▸ Requirement: Exclude the pictures and retype the entries as written.

Saved entries:
============================================================
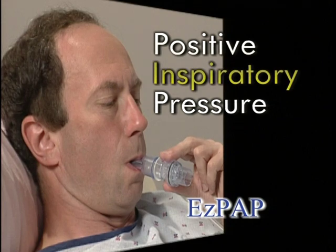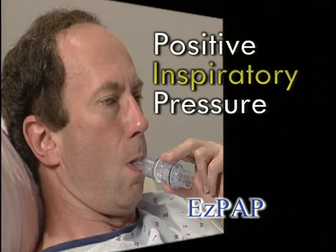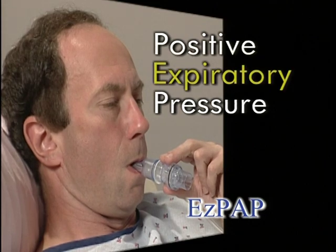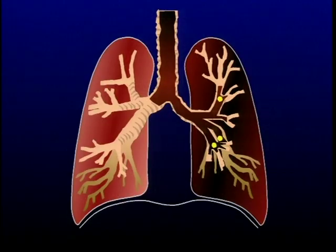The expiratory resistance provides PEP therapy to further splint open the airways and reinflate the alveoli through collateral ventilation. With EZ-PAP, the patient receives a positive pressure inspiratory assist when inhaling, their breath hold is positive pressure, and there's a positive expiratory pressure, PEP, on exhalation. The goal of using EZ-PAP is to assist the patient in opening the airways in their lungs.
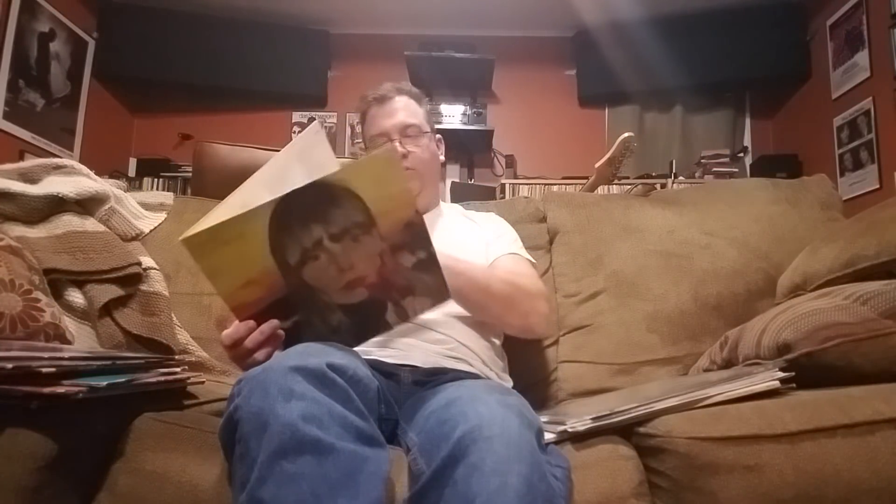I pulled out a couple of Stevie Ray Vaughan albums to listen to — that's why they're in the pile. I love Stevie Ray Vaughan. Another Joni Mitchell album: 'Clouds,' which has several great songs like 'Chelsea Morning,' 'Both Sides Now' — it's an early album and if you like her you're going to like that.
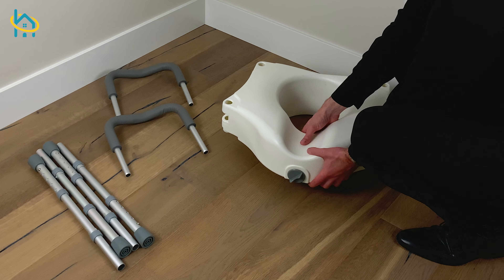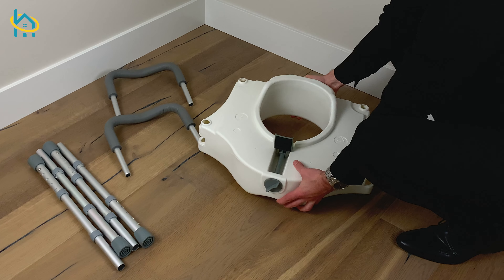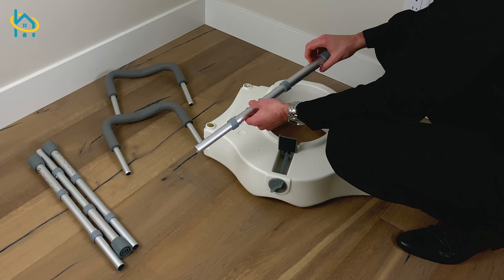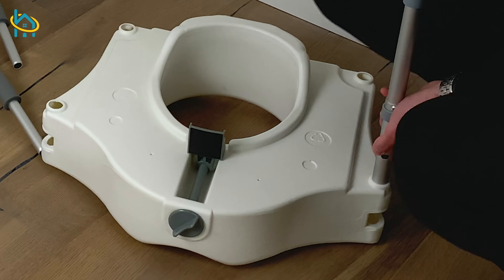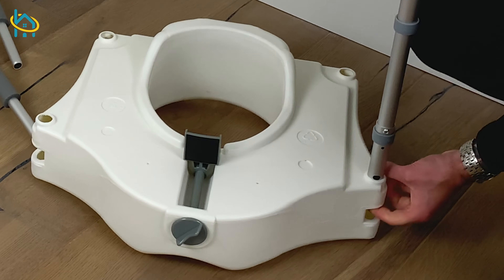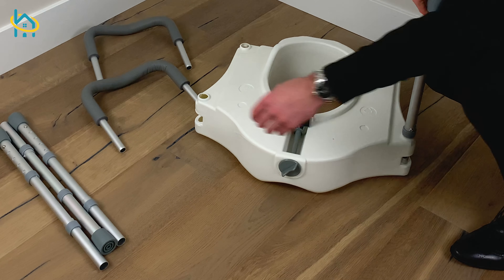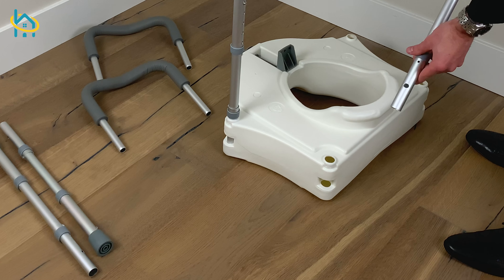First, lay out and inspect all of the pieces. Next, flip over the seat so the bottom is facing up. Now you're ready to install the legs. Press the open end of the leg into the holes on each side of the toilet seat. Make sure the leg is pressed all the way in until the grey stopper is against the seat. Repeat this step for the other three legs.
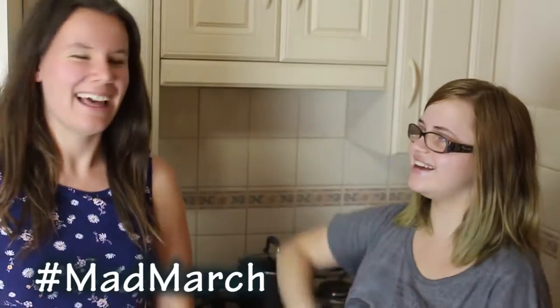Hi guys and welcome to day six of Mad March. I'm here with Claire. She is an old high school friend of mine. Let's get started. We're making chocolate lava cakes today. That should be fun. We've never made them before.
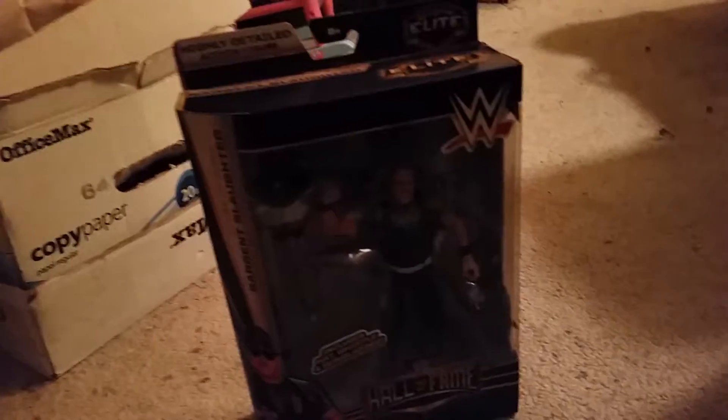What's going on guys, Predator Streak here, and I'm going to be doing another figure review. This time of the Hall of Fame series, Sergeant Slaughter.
============================================================
▸ Finished exercise:
The expiratory resistance provides PEP therapy to further splint open the airways and reinflate the alveoli through collateral ventilation. With EZ-PAP, the patient receives a positive pressure inspiratory assist when inhaling, their breath hold is positive pressure, and there's a positive expiratory pressure, PEP, on exhalation. The goal of using EZ-PAP is to assist the patient in opening the airways in their lungs.
I pulled out a couple of Stevie Ray Vaughan albums to listen to — that's why they're in the pile. I love Stevie Ray Vaughan. Another Joni Mitchell album: 'Clouds,' which has several great songs like 'Chelsea Morning,' 'Both Sides Now' — it's an early album and if you like her you're going to like that.
First, lay out and inspect all of the pieces. Next, flip over the seat so the bottom is facing up. Now you're ready to install the legs. Press the open end of the leg into the holes on each side of the toilet seat. Make sure the leg is pressed all the way in until the grey stopper is against the seat. Repeat this step for the other three legs.
Hi guys and welcome to day six of Mad March. I'm here with Claire. She is an old high school friend of mine. Let's get started. We're making chocolate lava cakes today. That should be fun. We've never made them before.
What's going on guys, Predator Streak here, and I'm going to be doing another figure review. This time of the Hall of Fame series, Sergeant Slaughter.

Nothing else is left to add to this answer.